三人は車を降り、マミユが慌ててエンジンルームを開けた。
「あちゃー……。魔力伝達パイプが焼き切れてるわ」
マミユが煤けた顔で振り返った。
「やっぱり試作段階で長距離を、しかもあのスピードで飛ばしすぎたのがまずかったわね。冷却が追いつかなかったみたい」
「マジかよ。ドワーフ国はあと少しだぜ? 歩いていくには荷物が多すぎるぞ」
ラウスが荷台に積まれた大量のコンバットスーツの試作品と、自分たちの野営道具を見て溜息をついた。
ここから先は上り坂だ。
「う~ん……。直すには部品が必要だし、ここでは無理ね。……押して行きましょう」
「押すのかよ!?」
「仕方ないだろ、ラウス。置いていくわけにもいかない」
英一は袖をまくり、車の後部に手をかけた。
幸い、車体は軽量化されている。男二人とドワーフ一人なら動かせるはずだ。
「せーのっ、よいしょ!」
ズズズ……。
鉄の塊がゆっくりと動き出す。
「お、重てぇ……!」
「文句言わない! ラウスさんの筋肉は何のためにあるんですの!」
「戦闘用だよ!」
汗だくになりながら坂道を進む三人。
その時だった。
「あら? あらあら……?」
不意に、道脇の林から鈴を転がすような、しかしどこか粘り気のある声が聞こえた。
木の陰から姿を現したのは、長い耳を持つ美しい女性だった。
種族はエルフ。しかし、森の妖精というイメージとは程遠い。
作業用のツナギを着込み、首にはスパナのような工具をぶら下げ、目には奇妙な形のゴーグルを付けている。
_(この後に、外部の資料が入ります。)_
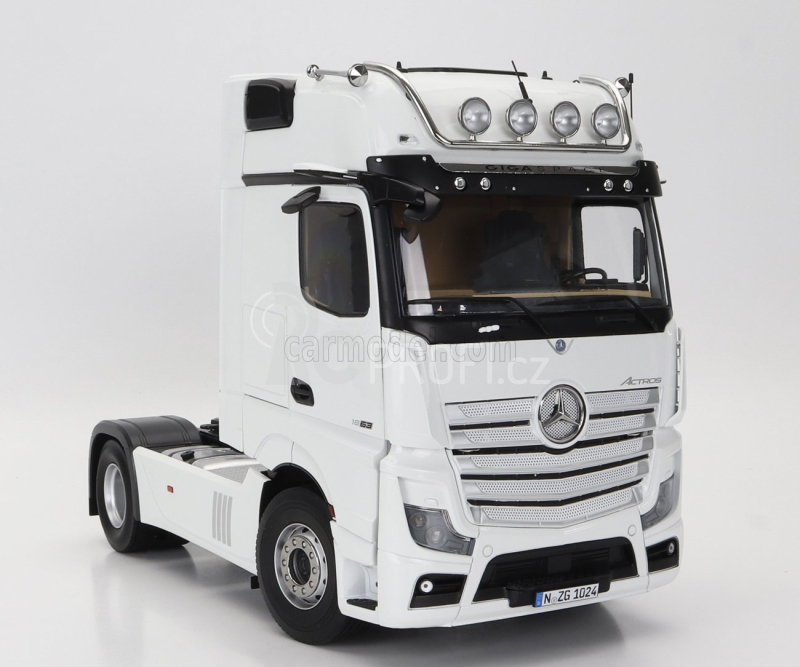 Nzg Mercedes benz Actros 2 1863 Gigaspace 4x2 Mirrorcam Tractor Truck 2-assi 2018 1:18 Bílá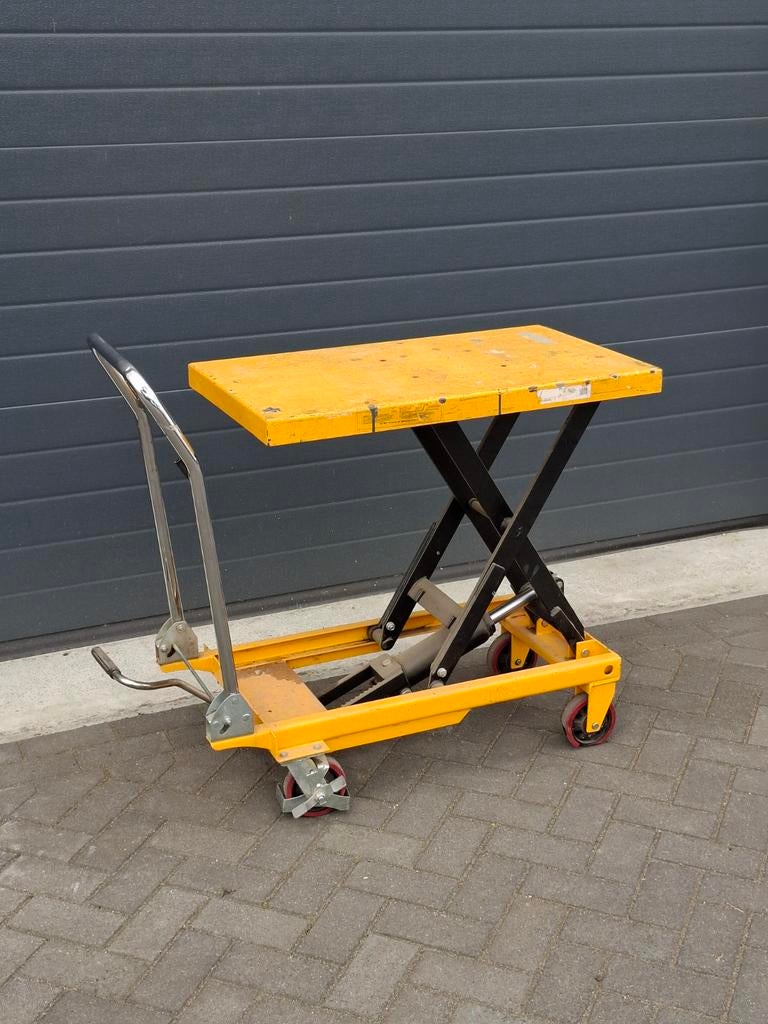 Heftafel 300kg. Verrijdbaar met rem, 100 liter of meer, Ophalen, Gebruikt, Transportkar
「ちょっと、店じゃ見ない形ね。このサスペンションの構造……それにこのタイヤの素材……興味深いわぁ」
彼女は三人を無視して、いきなりドリーム・ラビットの車体をペタペタと触り始めた。
「な、何でしょうか? 人の車を勝手に……」
マミユが警戒して声を上げる。
ドワーフとエルフは、歴史的にあまり仲が良くない。それに、技術を盗まれるのを何より恐れている今、同業者の気配はバッドニュースだ。
「あら失礼。夢中になっちゃって」
女性は顔を上げ、ねっとりとした微笑みを浮かべた。
「私はメルセス。この近くで『魔工師(まこうし)』をやっているわ」
「魔工師……?」
「ええ。……貴方達、お困りのようね。その魔導馬車、パイプがいっちゃってる音してたもの」
メルセスはポンポンとボンネットを叩いた。
「この娘(ラビット号)、私の工房で見てあげるわ。ここからすぐ近くよ」
「え? 良いのか?」
ラウスが目を輝かせる。渡りに船だ。
だが、マミユは渋い顔をした。
「(ちょっとラウスさん! エルフの魔工師なんて一番信用できないわよ! それに技術を見られたら……)」
「(でもマミユ、このままじゃ関所にも着けないぞ。それに、彼女はもう構造に気づいてるっぽい)」
英一が小声で囁く。
メルセスはそんな二人のやり取りを見て、クスクスと笑った。
「遠慮しないで。困っている時はお互い様よ。……それに」
メルセスは華奢に見える腕で、ドリーム・ラビットのバンパーをガシッと掴んだ。
「私も押してあげるわね。よいしょっ!」
グンッ!
車体が軽々と前に進んだ。
彼女の細腕のどこにそんな力が? いや、腕に装着された腕輪が淡く光っている。身体強化の魔導具だ。
「は、早っ!?」
「さぁ、行くわよ~♪」
「……何だこの子」
英一は呆気にとられた。
親切なのか、好奇心なのか、それともただの機械オタクなのか。
「ありがとうなんだか、お節介なんだか……」
マミユはブツブツ言いながらも、押し手が増えたことに感謝せざるを得なかった。
こうして、英一たち一行は、故障したラビット号を押しながら、謎のエルフ・メルセスの工房へと導かれていった。
そこが、新たな技術革新(とトラブル)の震源地になるとも知らずに。